Question

stat crunch A simple random sample of size n=250 individuals who are currently employed is asked if they work at home at least once per week. Of the 250 employed individuals​ surveyed, 41 responded that they did work at home at least once per week. Construct a​ 99% confidence interval for the population proportion of employed individuals who work at home at least once per week.

Answer 1

The 99% confidence interval for the population proportion of employed individuals who work at home at least once per week is between (0.104, 0.224).

Explanation:

In a sample with a number n of people surveyed with a probability of a success of
`\pi`, and a confidence level of
`1-\alpha`, we have the following confidence interval of proportions.
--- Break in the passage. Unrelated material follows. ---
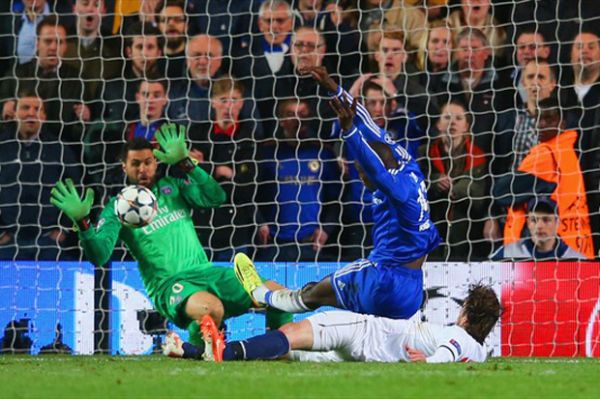 Enam <em>Comeback</em> Spektakuler di Liga Champions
`\pi \pm z\sqrt{(\pi(1-\pi))/(n)}`

In which

z is the zscore that has a pvalue of
`1 - (\alpha)/(2)`.

For this problem, we have that:

`n = 250, \pi = (41)/(250) = 0.164`

99% confidence level

So
`\alpha = 0.01`, z is the value of Z that has a pvalue of
`1 - (0.01)/(2) = 0.995`, so
`Z = 2.575`.

The lower limit of this interval is:

`\pi - z\sqrt{(\pi(1-\pi))/(n)} = 0.164 - 2.575\sqrt{(0.164*0.836)/(250)} = 0.104`

The upper limit of this interval is:

`\pi + z\sqrt{(\pi(1-\pi))/(n)} = 0.164 + 2.575\sqrt{(0.164*0.836)/(250)} = 0.224`

The 99% confidence interval for the population proportion of employed individuals who work at home at least once per week is between (0.104, 0.224).